If, in the future, Prax exercises its right to implement the Acquisition by
way of a Takeover Offer in lieu of the Scheme, such offer will be made in
compliance with applicable United States laws and regulations, including,
without limitation, any applicable exemptions under the US Exchange Act and,
subject, in the case of participation by Hurricane Shareholders resident in
the United States, to the availability of an exemption (if any) from the
registration requirements under the US Securities Act of 1933 (the "US
Securities Act") and the securities laws of any state or other jurisdiction of
the United States.

The financial information with respect to Hurricane included in the Scheme
Document and other documentation related to the Acquisition has been or will
have been prepared in accordance with IFRS and thus may not be comparable to
the financial information of US companies or companies whose financial
statements are prepared in accordance with generally accepted accounting
principles in the United States.

The Deferred Consideration Units to be issued under the Scheme have not been
and will not be registered under the US Securities Act, or under any laws of
any securities regulatory authority of any state other jurisdiction of the
United States and may only be offered or sold in the United States in reliance
on an exemption from the registration requirements of the US Securities Act.
Neither this announcement nor the Scheme Document shall constitute an offer to
sell or the solicitation of an offer to buy, nor shall there be any sale of
the Deferred Consideration Units in any state of the United States in which
such offer, solicitation or sale would be unlawful prior to qualification
under the securities laws of any such state.  The Deferred Consideration
Units are expected to be issued in reliance upon the exemption from the
registration requirements of the US Securities Act provided by Section
3(a)(10) thereof.  Hurricane Shareholders (whether or not US persons) who are
or will be affiliates (within the meaning of the US Securities Act) of
Hurricane prior to, or of Prax after, the Effective Date will be subject to
certain US transfer restrictions relating to the Deferred Consideration Units
received pursuant to the Scheme as further described in Part IX (Additional
Information for Overseas Shareholders) of the Scheme Document.
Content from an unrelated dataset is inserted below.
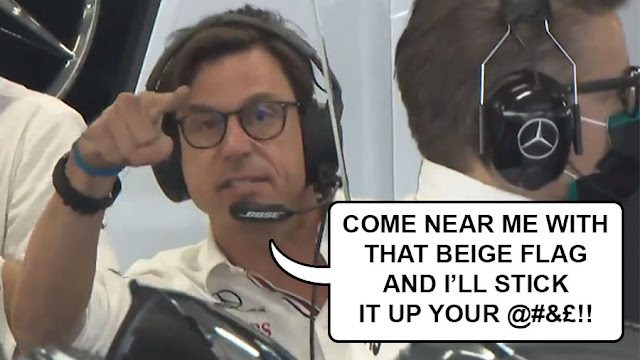 Toto Wolff pointing aggressively and saying "come near me with that beige flag and i’ll stick it up your @#&£!!"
For the purpose of qualifying for the exemption from the registration
requirements of the US Securities Act provided by Section 3(a)(10) with
respect to the Deferred Consideration Units, the Court will be advised that
its sanctioning of the Scheme will be relied on as an approval of the Scheme
following a hearing on its fairness to Hurricane Shareholders, at which
hearing all such Hurricane Shareholders are entitled to attend in person, by
authorised representative, by proxy or through counsel, to support or oppose
the sanctioning of the Scheme and with respect to which notification has been
given to all such Hurricane Shareholders.

A Hurricane Shareholder who is an "affiliate" (within the meaning of the US
Securities Act) of Hurricane prior to, or of Prax after, the Effective Date,
will receive "restricted securities" as defined in Rule 144 under the US
Securities Act.  Under applicable US federal securities laws, persons who are
or will be "affiliates", within the meaning of the US Securities Act may not
resell the Deferred Consideration Units received as a result of the Scheme
without registration under the US Securities Act, except pursuant to the
applicable resale provisions of Rule 144 under the US Securities Act or
another applicable exemption from registration or in a transaction not subject
to registration (including a transaction that satisfies the applicable
requirements of Regulation S under the US Securities Act).  "Affiliates" of a
company are generally defined as persons who directly, or indirectly through
one or more intermediaries, control, or are controlled by, or are under common
control with, that company.  Whether a person is an affiliate of a company
for purposes of the US Securities Act depends on the circumstances, but
affiliates can include certain officers, directors and significant
shareholders.  Persons who believe they may be affiliates should consult
their own legal advisers before any sale of securities received in the Scheme.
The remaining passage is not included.